> Data
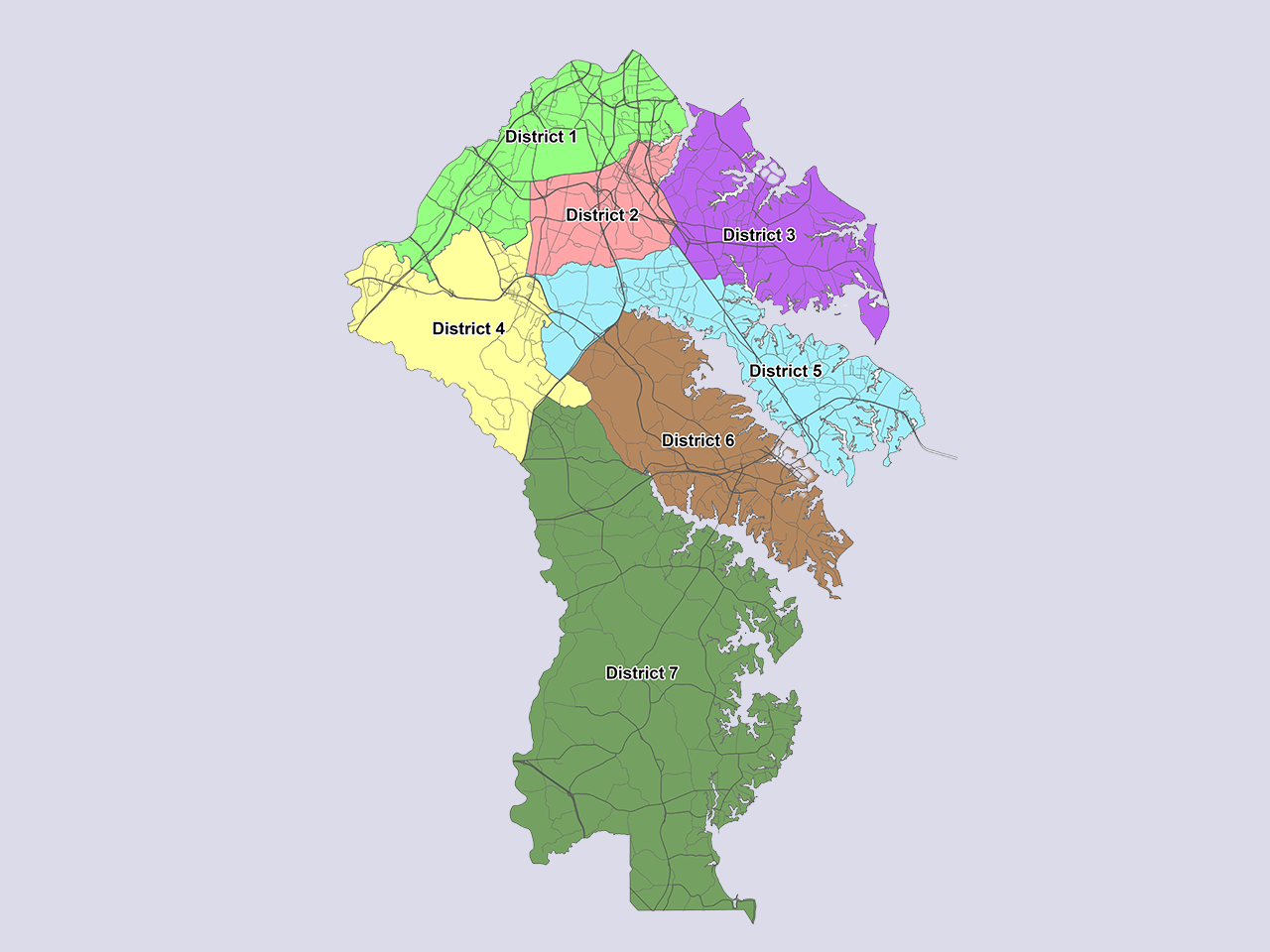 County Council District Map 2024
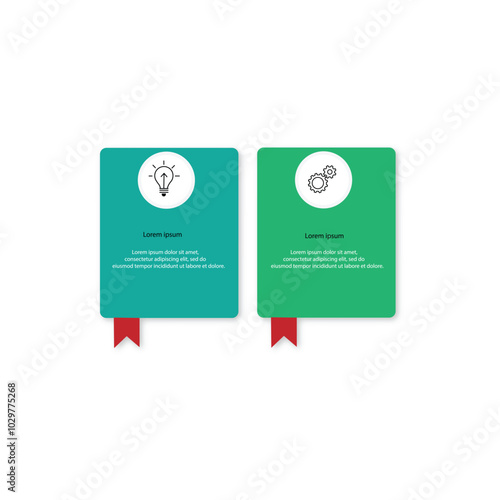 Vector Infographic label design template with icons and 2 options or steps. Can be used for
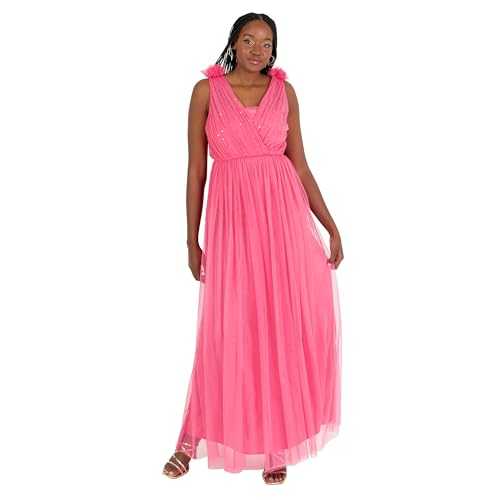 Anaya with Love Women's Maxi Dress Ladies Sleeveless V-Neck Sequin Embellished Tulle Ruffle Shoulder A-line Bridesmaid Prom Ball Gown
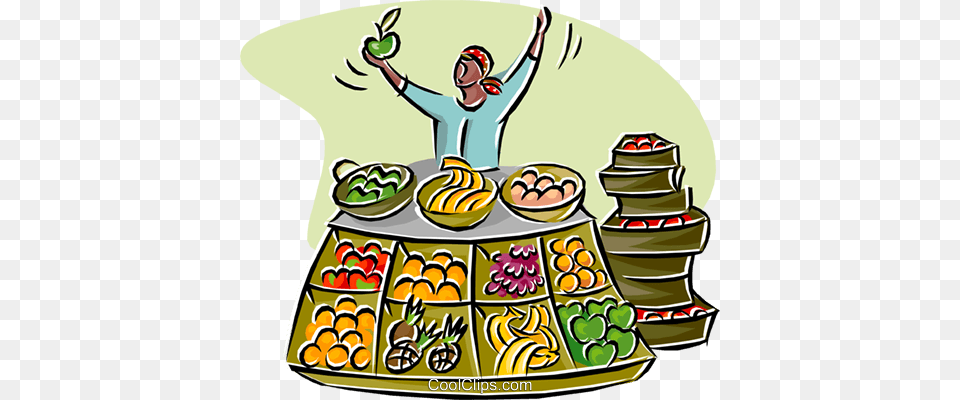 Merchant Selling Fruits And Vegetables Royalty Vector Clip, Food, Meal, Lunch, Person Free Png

> Task
Repeat the data exactly, without the pictures.

> Result
 County Council District Map 2024
 Vector Infographic label design template with icons and 2 options or steps. Can be used for
 Anaya with Love Women's Maxi Dress Ladies Sleeveless V-Neck Sequin Embellished Tulle Ruffle Shoulder A-line Bridesmaid Prom Ball Gown
 Merchant Selling Fruits And Vegetables Royalty Vector Clip, Food, Meal, Lunch, Person Free Png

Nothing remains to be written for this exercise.